The Pranckh family is an ancient Austrian noble family, descending from Pranckh Castle, near Sankt Marein bei Knittelfeld in the former March and later Duchy of Styria. The family's origins date back to the year 1135, when Wolfkerus de Branka attested a charter regarding an endowment to Admont Abbey, thus making it one of the oldest families in Austria still present today. In addition to the Styrian mainline, other branches existed in Salzburg, Carinthia, Lower Austria and Bavaria.
In later parts of history, the family rose from Knights to Reichsfreiherren (Barons of the Holy Roman Empire) and Reichsgrafen (Imperial Counts of the Holy Roman Empire).
Many of their names can be found in high court and state offices of the Archbishopric of Salzburg. Branches of the family exist to this day in Austria, Germany, France and the United States.

== History ==
=== Origins and Styrian line ===
The family traces its origins back to Feistritz bei Knittelfeld in Styria, where it first appeared in documents dated 1135, when Wolfkerus de Branka testified an endowment made by his brother Pilgrim von Feistritz to the Benedictine Abbey of Admont.
They were knights of the free nobles of Feistritz-Traisen, which subsequently, under Adalram von Waldeck, a descendant of the Aribonids, founded the Augustinian Abbey of Seckau in 1140, which explains the family's close relationship with Seckau.
After their principals had become extinct, they became ministeriales of the territorial lords and provosts of Seckau, among them Arnold, Ortolf, who decreed renovations and new constructions of the Abbey, as well as Ulrich II. von Pranckh.
The family crypt was located in Seckau as well, where to this day the red marble tombs of the nobles Johannes Pranckhher von Pranckh and Ernst Pranckhher of Pranckh are preserved.
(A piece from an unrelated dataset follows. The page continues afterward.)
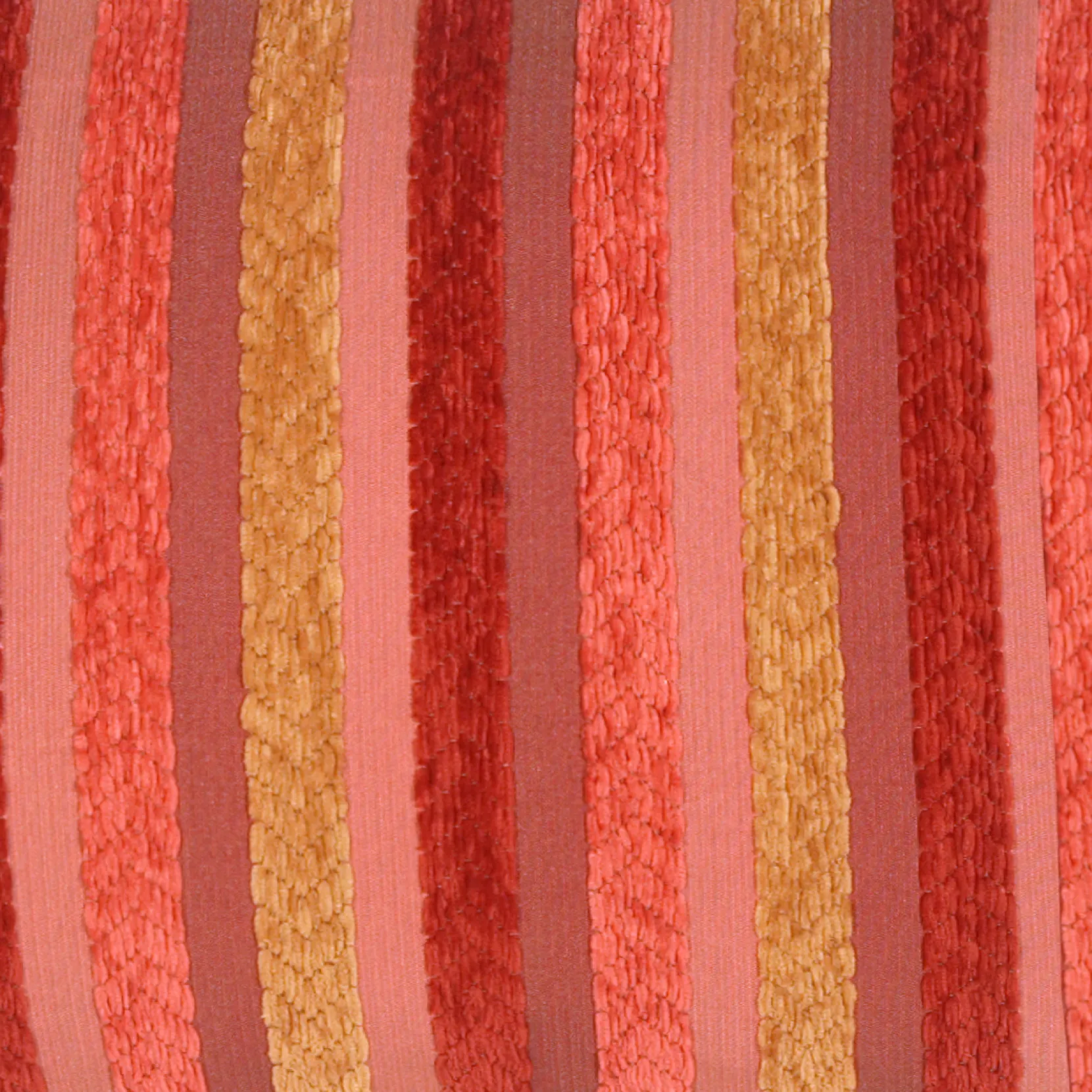 Chenille Stripes in Raspberry and Caramel Accent Pillow 1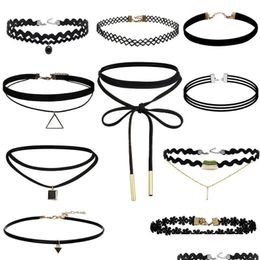 Chokers Fashion Black Punk Gothic Choker Necklaces For Women Flower Veet Lace Lady Geometric Collar Necklace Jewellery Drop Delivery Pe Dh8Tu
The continuous succession of the family begins in 1242 with Ulrich von Pranckh. In 1298 the marriage between Friedrich von Pranckh and heiress Anna von Pux, descendant of the Saint Countess Hemma von Gurk was officiated. Anna von Pux brought her coat of arms, estates in Styria and Carinthia and the future ruling seat of the family, the castle of Pux, located at the upper bank of the Mur near Teufenbach.
However, the ruling seat was not moved to Pux until 1425. A different part of the family remained in St. Marein, which saw increased invasions of the Turks during these times – they however did not dare to attack the castle of Pranckh.

In 1459, Ernst Pranckhher Knight von Pranckh zu Katsch awarded the Benedictine Admont of Abbey the right to collect tithe and the Zehenthof zu Petersdorf in St. Peter am Kammersberg to further underline the family's relation with the Abbey.
Furthermore, the family maintained close relations with the Benedictine Abbey of Göss by for instance providing abbesses.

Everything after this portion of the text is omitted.